Wie tief könnte es in den Keller gehen? Der als "Mr. Dax" bekannt gewordene Analyst sieht eine hohe Wahrscheinlichkeit, dass der deutsche Leitindex in den Bereich um 8.300 oder 8.400 Punkte durchgereicht werden könnte. Aber nur, wenn "wir mit Kursen unter 9.300 oder 9.100 Punkten ins Wochenende gehen." Das bisherige Jahrestief des Dax liegt bei 8.699,29 Zählern.

"Kühlen Kopf bewahren"

Trotz der Alarmsignale warnt Müller vor Panik. Aus mehreren Gründen. Zunächst sei gar nicht klar, ob der Euro dauerhaft so schwach bleibe. Ausserdem hält er es zwar für wahrscheinlich, dass sich die starken Abgaben der Kurse am Montag fortsetzen. "Danach könnte es sich aber wieder beruhigen."

Die aktuellen Abwärtsbewegungen hängen auch mit den stark gestiegenen Kursen der letzten Tage zusammen. Nach Umfrageergebnissen aus Grossbritannien hatte die Mehrheit der Börsianer einen Brexit als unwahrscheinlich betrachtet. Die Märkte reagierten darauf positiv.

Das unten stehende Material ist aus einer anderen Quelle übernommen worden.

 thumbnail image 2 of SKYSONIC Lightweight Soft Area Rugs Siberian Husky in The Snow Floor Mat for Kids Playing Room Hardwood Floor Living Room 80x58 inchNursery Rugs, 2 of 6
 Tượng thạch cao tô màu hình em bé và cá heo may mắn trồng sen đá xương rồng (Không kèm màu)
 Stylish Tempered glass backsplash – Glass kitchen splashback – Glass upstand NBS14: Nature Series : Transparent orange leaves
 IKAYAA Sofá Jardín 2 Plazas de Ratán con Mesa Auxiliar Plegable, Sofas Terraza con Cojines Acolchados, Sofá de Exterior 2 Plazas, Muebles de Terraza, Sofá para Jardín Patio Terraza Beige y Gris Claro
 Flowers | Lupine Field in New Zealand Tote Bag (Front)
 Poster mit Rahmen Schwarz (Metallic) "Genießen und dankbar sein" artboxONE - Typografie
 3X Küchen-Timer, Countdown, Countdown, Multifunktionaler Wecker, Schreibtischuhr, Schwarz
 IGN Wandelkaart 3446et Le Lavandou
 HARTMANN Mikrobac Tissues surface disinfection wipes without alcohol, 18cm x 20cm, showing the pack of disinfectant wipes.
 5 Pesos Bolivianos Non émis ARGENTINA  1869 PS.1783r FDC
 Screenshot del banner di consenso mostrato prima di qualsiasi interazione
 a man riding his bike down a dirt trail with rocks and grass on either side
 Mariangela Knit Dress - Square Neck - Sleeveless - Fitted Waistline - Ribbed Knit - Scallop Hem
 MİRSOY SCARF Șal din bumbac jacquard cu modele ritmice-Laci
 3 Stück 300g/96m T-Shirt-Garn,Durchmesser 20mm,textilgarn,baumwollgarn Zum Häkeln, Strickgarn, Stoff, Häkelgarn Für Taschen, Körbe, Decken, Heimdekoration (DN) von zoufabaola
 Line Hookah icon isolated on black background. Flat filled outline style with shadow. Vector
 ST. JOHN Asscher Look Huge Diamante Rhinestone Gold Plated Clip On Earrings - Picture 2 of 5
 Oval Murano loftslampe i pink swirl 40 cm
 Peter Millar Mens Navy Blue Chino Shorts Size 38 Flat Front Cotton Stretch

"Es ist kein Weltuntergang, es bricht nichts zusammen, es bricht nichts ein", versucht Müller zu beruhigen. Es gelte, einen kühlen Kopf zu bewahren. Sinkende Kurse seien schliesslich auch "eine wunderbare Chance, die Papiere guter Unternehmen deutlich günstiger zu erwerben."

Vorbeben für den "Big Bang"?

An einen "Big Bang", einen grossen globalen Börsencrash, glaubt der Experte nicht. Aber die derzeitigen Reaktionen der Börsen auf den Brexit, sagt er, könnten "ein grosses Vorbeben sein". Schon jetzt erwarten viele Beobachter weitreichende wirtschaftliche Folgen: Pessimistische Schätzungen gehen davon aus, dass durch Kurseinbrüche, Euroabwertung sowie eine Rezession Billionen Euro vernichtet werden.

Der Star-Investor George Soros erwartet schwerwiegende Folgen für jeden EU-Bürger - "sofort und dramatisch". Preise würden steigen, Jobs verloren gehen. Der amerikanische Vermögensverwalter T. Rowe Price Group Inc. schätzt die Wahrscheinlichkeit einer globalen Rezession nach dem Brexit laut "Bloomberg" gar auf 50 Prozent. Drastisch kommentierte auch der n-tv-Börsenexperte Frank Meyer das Geschehen.

"Der Dax hängt über der Kloschüssel. Das wird ein Blutbad heute und dürfte ein historischer Tag sein. Man fragt sich, wie geht es weiter?" Eine Antwort darauf können auch die grössten Börsenexperten nicht mit allerletzter Sicherheit geben.